Birding · Fall Colors · Wildlife
While there is not a lot of flat ground on this hike, the hills are not long. Towards the back of the loop it can get pretty mucky after a rain, and the ACLT have done a nice job of building raised wooden pathways to get you over the swampy parts of the trail.
Need to Know
Parking is free but the road in is not well marked.
There is not much as far as a view during the summer when the leaves are on the trees, but you hike through several different forest types, and the trail is a mix of doubletrack and singletrack. Each turn and hill brings different flora, and there are stretches where the path has a sandy base (it is packed hard so it is still easy to hike). Along the loop, you are always under tree cover so the sun isn't an issue.

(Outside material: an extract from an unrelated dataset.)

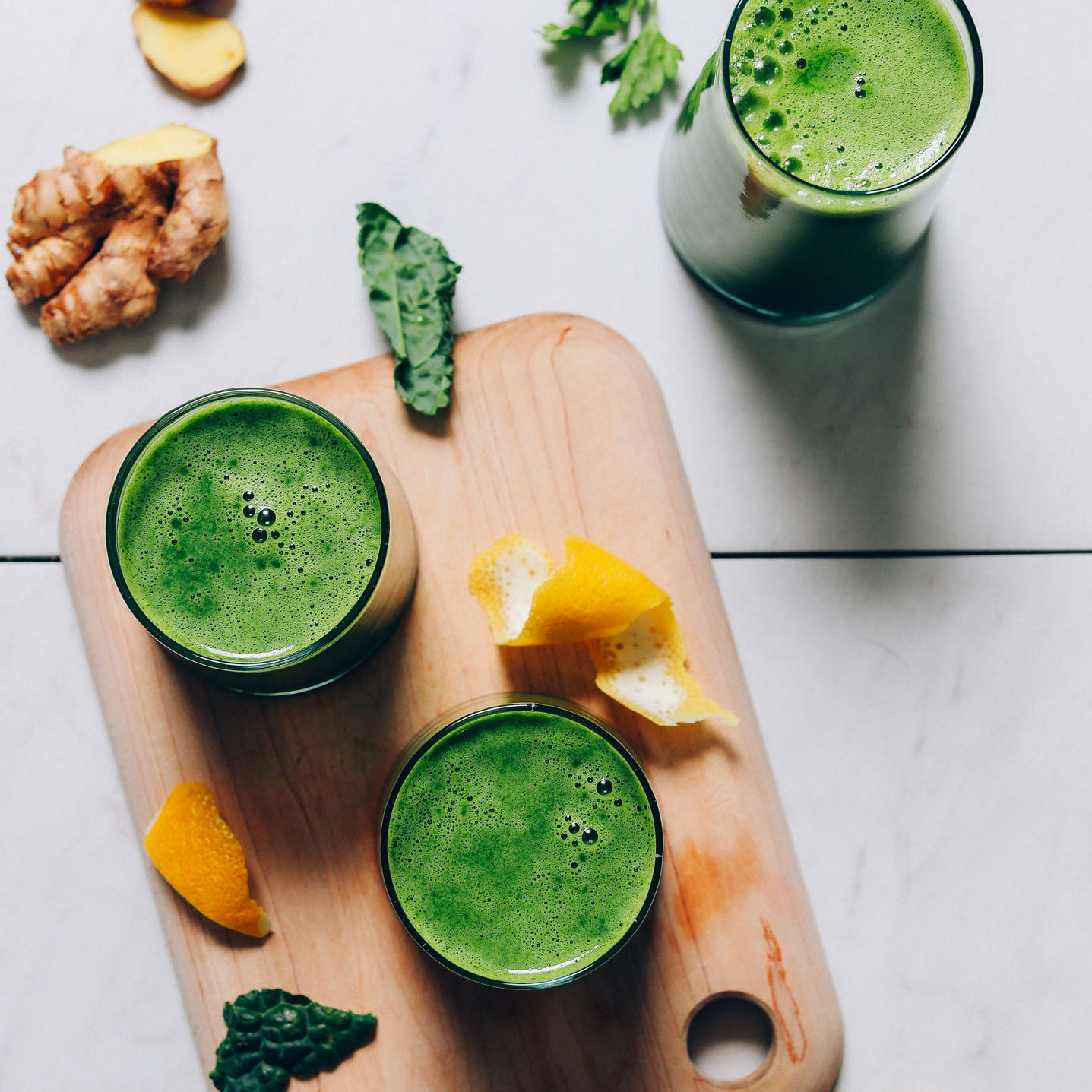 Rau cải xoăn hay còn gọi là kale xuất hiện trong khá nhiều món nước ép ngon miệng và bổ dưỡng.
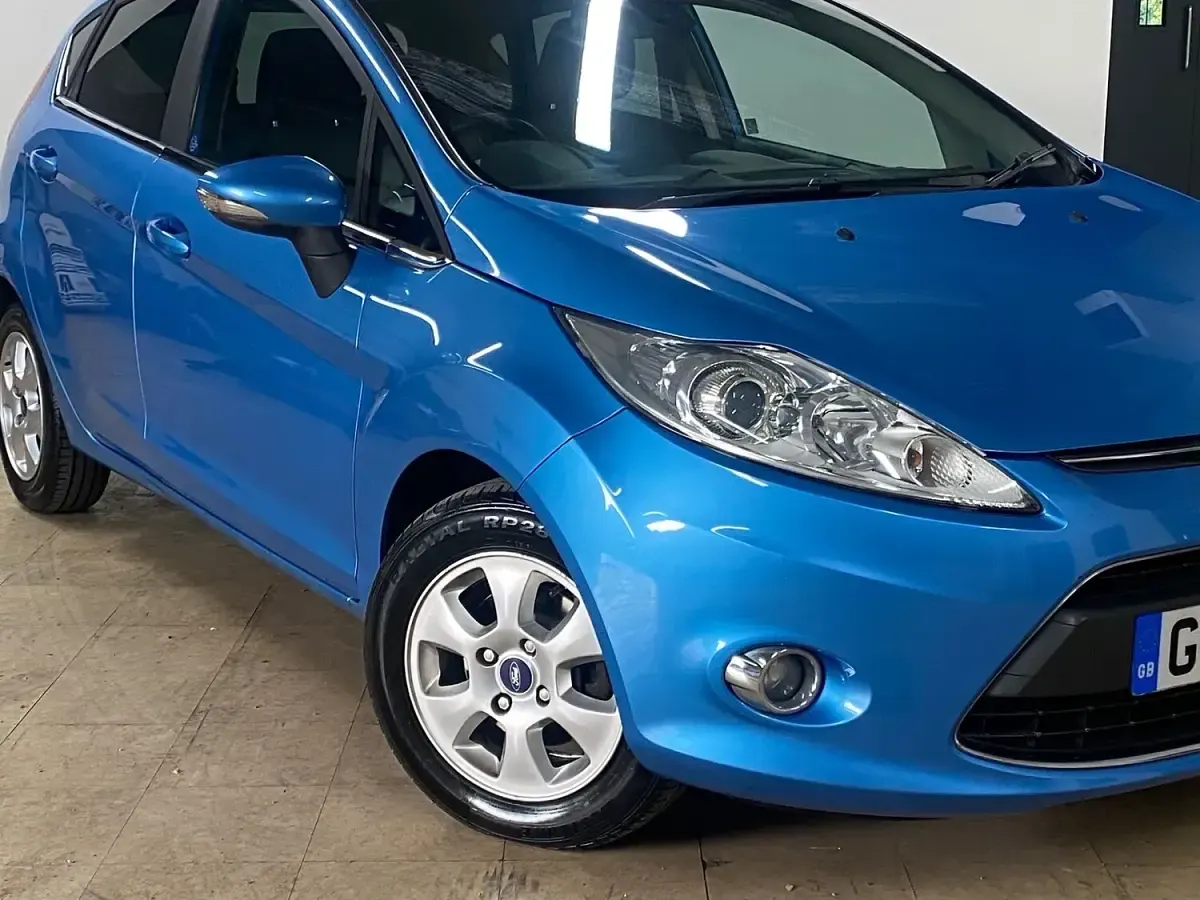 Used Ford Fiesta Titanium 2012 Blue Hatchback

There are a few steep switchbacks where you may need to slow down, but the great majority of the trail can be done without being over-taxed. Some of the low spots can get pretty muddy after rains but will still be passable.
The trail is not heavily used which is good and bad. You generally have the loop to yourself, even on weekends, but that also means you may end up hiking through dozens of orb weaver spider webs that decided to weave their webs across the path, many at eye level. I ended up doing the first loop with a stick clearing the webs (at least 25-30 of them) before hiking the next loop. Looking forward to freezing weather when the spiders die out.
I have seen a black snake and a copperhead, box turtles, and plenty of squirrels.
Flora & Fauna
I saw my first ever copperhead snake in the wild here. Also a black snake, plenty of spiders (you can eat a lot of webs if you are the first one out). Mostly, what you would expect from a mid-Atlantic trail.
Tulip poplar, oak, hickory, Virginia pine, sycamores, pawpaws, dogwoods, cardinal flowers, mayapples, Virginia waterleaf, bloodroot, ferns, and orchids, cattails, arrow arum, sedges
Giant carp, muskrat, otter, American bald eagle, heron, osprey, wild turkey.